16『神獣の森ー育成』


 あれから数日の時が経つ。


「みぃ!!もっと魔力を手に集めろ!!」

「はっはい!!」


「みぅはもっと考えて動け!!」

「うん!!」


 実はまだ旅に出ていない僕達3人は神獣の森で修行中である。


 あの日の夜、僕は色々考えてみた。

(魂を取り除く方法か~)と、ちょっとやそっと考えたところで答えなんて出る訳が……あったんだ。


(魂が入ったってことは取り憑いてるっことか?ゲームとかでそーゆーのあったよな~取り憑く?だっけ、確か教会とかで解除したような~)まぁそんな安易な方法ならば、ねこのこ様がとっくにしてるだろうなと考えに至るのは当然の事だ。


(ん~ゲーム……アニメ……異世界の情報って正直そんな知識しかないよな~困った……いや?、まてよ?ゲーム!!)


 そして思い浮かんだのは右上についたボタンである。

「メニューっていえば確か、ヘルプ!!」

 寝てるふたりのことを忘れ興奮気味に僕はメニューを開き見ると、やはりそこにあるヘルプ画面。


「あった!!」

 そして見つけた、状態異常の欄、憑依状態の解除


 速攻開き確認する。


『憑依状態の解除』


 憑依状態とは、霊体、または魂により、肉体ではなく身体の内側に取り憑かれている状態のことを指します。

 解除方法は、認識、魔力強化、精神強化により可能で、取り憑いた相手よりもそれが上回る場合即追い出す事が可能です。


『第三者による除霊』


 第三者による除霊も可能となりますが、その際は精神に掬った者を追い払う為に強力な魔力を肉体へと放出する必要があり、肉体へかなりの負担を強いる形となります。


 注意点として、魔力により追い出した霊体には使用した分の魔力が宿ることとなり大抵の場合は肉体を維持できず消滅しますが、魔力次第では具現化することがあります。

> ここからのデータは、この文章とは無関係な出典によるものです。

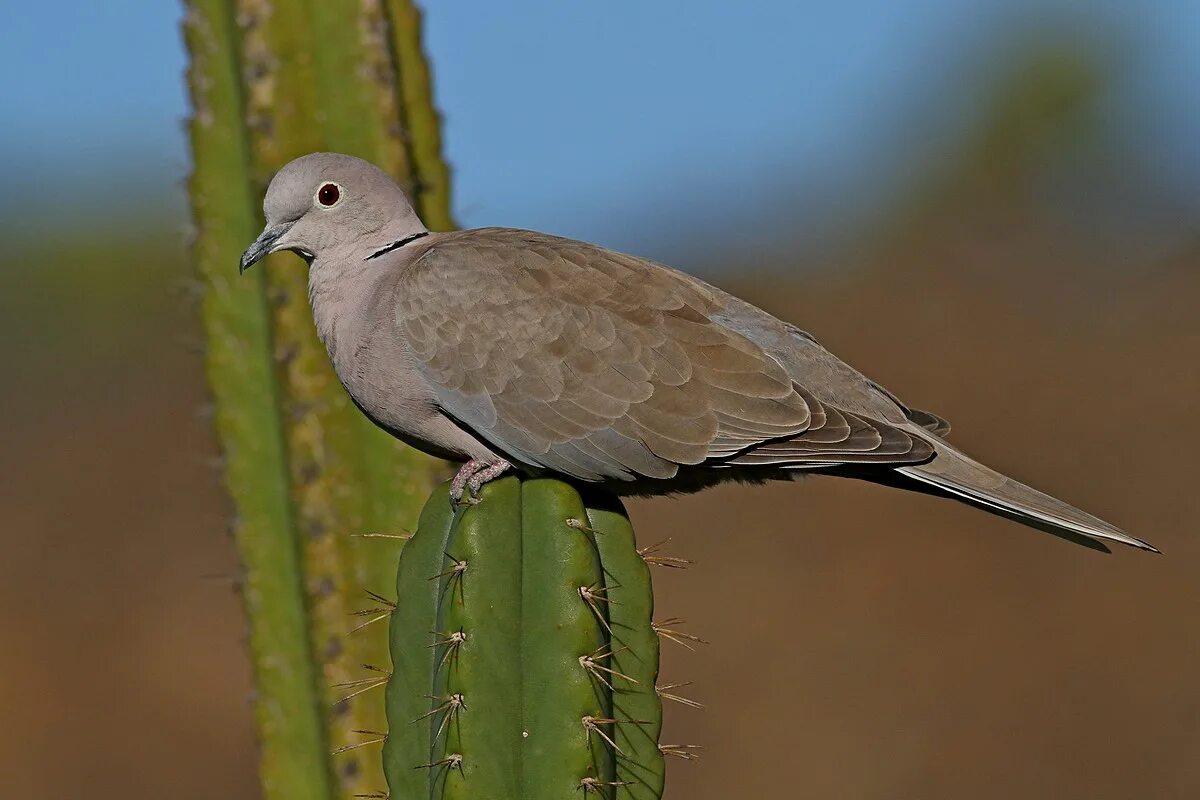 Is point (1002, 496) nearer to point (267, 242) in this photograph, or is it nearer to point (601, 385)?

 その際取り憑かれた者の精神奥深くに侵入する事となります。

 そして取り憑かれた者がそれを討伐する必要があるので余力を残しましょう。



 なので冒険に出る前に食料等の補充のついでに2人を鍛えてるって訳だ。


(はぁ……安易にこういうのってやっぱ引き受けるもんじゃないよな~僕の魔力は無限だから出そうと思えば出せるだろうけど、この2人がそれで死んでしまったら元も子もないし、魔王と勇者なんて代物だろ?絶対精神に入り込むだろうな……みぅとみぃ、2人が結局戦うって訳になるんだよな~)

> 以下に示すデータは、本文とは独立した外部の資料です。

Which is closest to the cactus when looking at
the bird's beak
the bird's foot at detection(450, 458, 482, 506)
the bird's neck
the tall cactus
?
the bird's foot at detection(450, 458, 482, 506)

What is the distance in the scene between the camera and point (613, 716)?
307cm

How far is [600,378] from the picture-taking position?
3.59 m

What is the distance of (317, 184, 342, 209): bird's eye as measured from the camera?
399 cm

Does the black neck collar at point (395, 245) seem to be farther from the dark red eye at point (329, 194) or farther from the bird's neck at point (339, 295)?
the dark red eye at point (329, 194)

 異世界だし、どこぞにある伝説のなんちゃらって秘宝でガバーって感じにどぼーって出せるかなとか思ったりしてたが、やはり人生ってのは大変なんだとつくづく身に染みる僕である。



 ☆☆☆☆☆



「とりあえず1ヶ月分は取れたかな」


「いくと~みぅ、強くなってるかな……」


 異空間収納にキノコを増やし続けることひと月、1日取る分を倍に増やしたわけだから結構大変ではあったが何とかなった。


(まぁ充分か……にしても、みぅが強くなってるかどうかか……正直わっかんねぇんだよな)


 みぃの強さはすぐに分かる。

 なんせみぃに限っては魔力の流れを教えてあげれば良いだけなのだからな。

 基本的に魔力というものは目には見えないらしい、けれど僕には魔力感知があるのでそれがはっきり目に見えている。

 だからこそ魔力を操るのは簡単だった、外に出た魔力を操れと言われるとまだ出来ないが、内の魔力ならばある程度の道を覚えてしまえば思う様に動いてくれる。


 だから、魔法の扱い程度ならこの感覚を説明により共有させることで呆気なく鍛えることが可能って訳だな。

 そしてみぃは魔法を何度も繰り返し使うことで、確かに体内魔力が上昇している。


(だというのに……はぁ)そう上手くは行かないものだな。


「……やっぱり全然魔力は動かせそうに無いか?」


「うみゅ……フィジカルスキルは使えるけど、マジカルスキルはダメ~~」


「だよな~~はぁ」


 みぃと違い、みぅが扱うのは身体を使うタイプの能力。


 マジカルスキルというのは魔法の事で、詠唱によって魔力を紡ぎ想像を具現化させる事象のことを指すのに対し、

 フィジカルスキルというのは動く事で身体の中の魔力を要所要所に集中させ大きな能力を得るものである。


 はっきりいって、僕的にみぅはどう考えてもねこのこ様と同じタイプの魔力だと思っている。

(はぁ~双子なのになんでこうも真逆なんだよ)

 ねこのこ様が鍛えるのが1番手っ取り早いのに、やはり世の中上手くいかないよな~。